Martijn A Cloos1, Shota Hodono1, Mukund Balasubramanian2, and Jonathan R Polimeni2,3,4
1Australian Institute for Bioengineering and Nanotechnology, University of Queensland, St Lucia, Australia, 2Department of Radiology, Harvard Medical School, Boston, MA, United States, 33Athinoula A. Martinos Center for Biomedical Imaging, Massachusetts General Hospital, Charlestown, MA, United States, 4Harvard-MIT Division of Health Sciences and Technology, Massachusetts Institute of Technology, Cambridge, MA, United States
Synopsis
Keywords: New Signal Preparation Schemes, Pulse Sequence Design, Line Scanning
Motivation: Line-scanning trades coverage for speed and resolution in a single direction, suitable for the study of mesoscale structure and functional dynamics across cortical depth. However, at ultra high-field strength, the sampling rate is constrained by the specific absorption rate.
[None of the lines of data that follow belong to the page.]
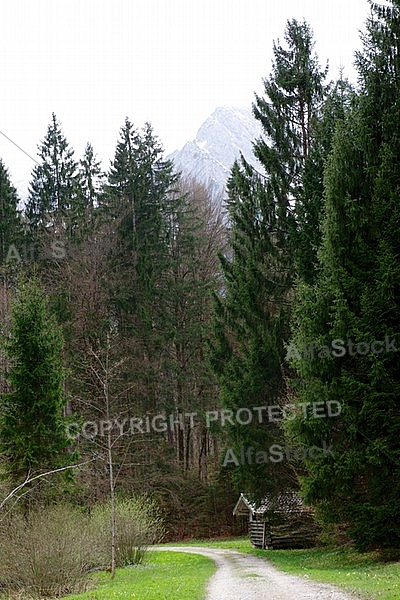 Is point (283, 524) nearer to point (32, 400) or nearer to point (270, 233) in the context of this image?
point (32, 400)

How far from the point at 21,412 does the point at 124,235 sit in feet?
54.9

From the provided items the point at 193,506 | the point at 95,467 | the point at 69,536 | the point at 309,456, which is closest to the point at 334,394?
the point at 309,456

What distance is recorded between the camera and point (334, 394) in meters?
16.1

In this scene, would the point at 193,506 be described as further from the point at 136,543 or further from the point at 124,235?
the point at 136,543

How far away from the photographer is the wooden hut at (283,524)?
75.3 ft

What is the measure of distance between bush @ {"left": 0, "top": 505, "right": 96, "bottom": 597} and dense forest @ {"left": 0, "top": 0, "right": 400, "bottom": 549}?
173cm

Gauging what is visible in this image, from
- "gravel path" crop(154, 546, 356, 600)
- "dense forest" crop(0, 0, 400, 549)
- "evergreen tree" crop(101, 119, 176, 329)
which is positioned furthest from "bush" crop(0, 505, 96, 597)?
"evergreen tree" crop(101, 119, 176, 329)

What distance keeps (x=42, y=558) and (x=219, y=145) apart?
7703 centimetres

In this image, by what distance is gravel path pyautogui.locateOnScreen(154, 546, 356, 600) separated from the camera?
1090 cm

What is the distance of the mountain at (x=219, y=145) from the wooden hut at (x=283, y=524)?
162ft

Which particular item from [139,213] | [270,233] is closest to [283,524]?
[270,233]

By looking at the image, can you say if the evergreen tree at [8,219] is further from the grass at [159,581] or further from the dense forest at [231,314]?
the grass at [159,581]

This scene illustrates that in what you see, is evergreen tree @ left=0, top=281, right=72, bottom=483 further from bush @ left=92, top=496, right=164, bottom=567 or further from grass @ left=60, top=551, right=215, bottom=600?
grass @ left=60, top=551, right=215, bottom=600

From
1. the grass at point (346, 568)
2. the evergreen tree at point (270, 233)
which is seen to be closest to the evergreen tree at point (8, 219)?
the evergreen tree at point (270, 233)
Goal(s): Facilitate Rapid gradient-recalled echo line scanning with crisp line profiles for human MRI at 7 Tesla.
Approach: A new line-scan Tip-Down Tip-Up based preparation module.
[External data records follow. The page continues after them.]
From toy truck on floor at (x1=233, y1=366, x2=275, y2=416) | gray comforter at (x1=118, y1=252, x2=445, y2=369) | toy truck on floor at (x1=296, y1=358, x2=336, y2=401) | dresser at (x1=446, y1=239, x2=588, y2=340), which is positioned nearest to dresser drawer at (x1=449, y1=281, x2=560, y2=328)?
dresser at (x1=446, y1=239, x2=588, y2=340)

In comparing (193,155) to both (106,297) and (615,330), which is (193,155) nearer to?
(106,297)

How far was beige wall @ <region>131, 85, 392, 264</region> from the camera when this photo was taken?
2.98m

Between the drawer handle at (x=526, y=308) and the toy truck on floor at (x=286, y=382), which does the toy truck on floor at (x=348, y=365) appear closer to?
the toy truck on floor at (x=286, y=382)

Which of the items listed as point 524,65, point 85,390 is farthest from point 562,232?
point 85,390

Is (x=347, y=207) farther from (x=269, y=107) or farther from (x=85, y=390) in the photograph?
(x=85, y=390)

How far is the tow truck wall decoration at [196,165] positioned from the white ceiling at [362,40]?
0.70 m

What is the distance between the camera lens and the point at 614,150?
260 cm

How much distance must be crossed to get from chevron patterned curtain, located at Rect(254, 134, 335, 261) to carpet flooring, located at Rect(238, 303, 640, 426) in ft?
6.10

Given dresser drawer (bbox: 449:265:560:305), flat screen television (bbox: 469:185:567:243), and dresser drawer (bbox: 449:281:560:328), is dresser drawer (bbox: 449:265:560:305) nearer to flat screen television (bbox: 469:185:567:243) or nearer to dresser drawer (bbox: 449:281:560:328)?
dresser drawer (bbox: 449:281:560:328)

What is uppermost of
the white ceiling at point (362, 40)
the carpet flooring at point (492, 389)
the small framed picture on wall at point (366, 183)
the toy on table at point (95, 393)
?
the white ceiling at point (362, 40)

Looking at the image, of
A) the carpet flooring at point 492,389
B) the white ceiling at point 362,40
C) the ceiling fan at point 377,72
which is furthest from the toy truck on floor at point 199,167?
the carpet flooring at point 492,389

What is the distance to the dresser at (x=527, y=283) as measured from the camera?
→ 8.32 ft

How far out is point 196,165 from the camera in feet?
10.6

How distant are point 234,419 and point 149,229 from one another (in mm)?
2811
Results: Using the proposed preparation module, it is possible to perform gradient-recalled echo line scanning experiments with short TR and crisp line profiles.
Impact: Using the proposed preparation module, it is possible to perform gradient-recalled echo line scanning experiments with short TR and crisp line profiles. Such advances can be used to study functional dynamics across cortical depth with high sampling rates.
Introduction
When pushed to the extreme, reduced field-of-view techniques converge to a single line in k-space. In this limit, the excited magnetization resembles a ‘stack of pancakes’, where the diameter of the pancakes corresponds to the line width and their thickness corresponds to the resolution along the line. Effectively, line-scanning trades coverage for speed and resolution in a single direction, suitable for the study of mesoscale structure and functional dynamics across cortical depth1-6.
In gradient-recalled echo line scanning, the line is carved out of a slice using saturation pulses. This process, called ‘Outer Volume Suppression (OVS)’ requires careful planning. Saturation bands must be placed strategically to prevent unwanted signals from leaking into the line, and the saturation pulses must be tuned to balance line profile and Specific Absorption Rate (SAR). Saturation pulses with a large Time BandWidth (TBW) product can produce crisp line profiles, but their high SAR contribution limits the minimal achievable TR. Yet, to unravel the intricate functional dynamics across cortical depth, high sampling rates are desired.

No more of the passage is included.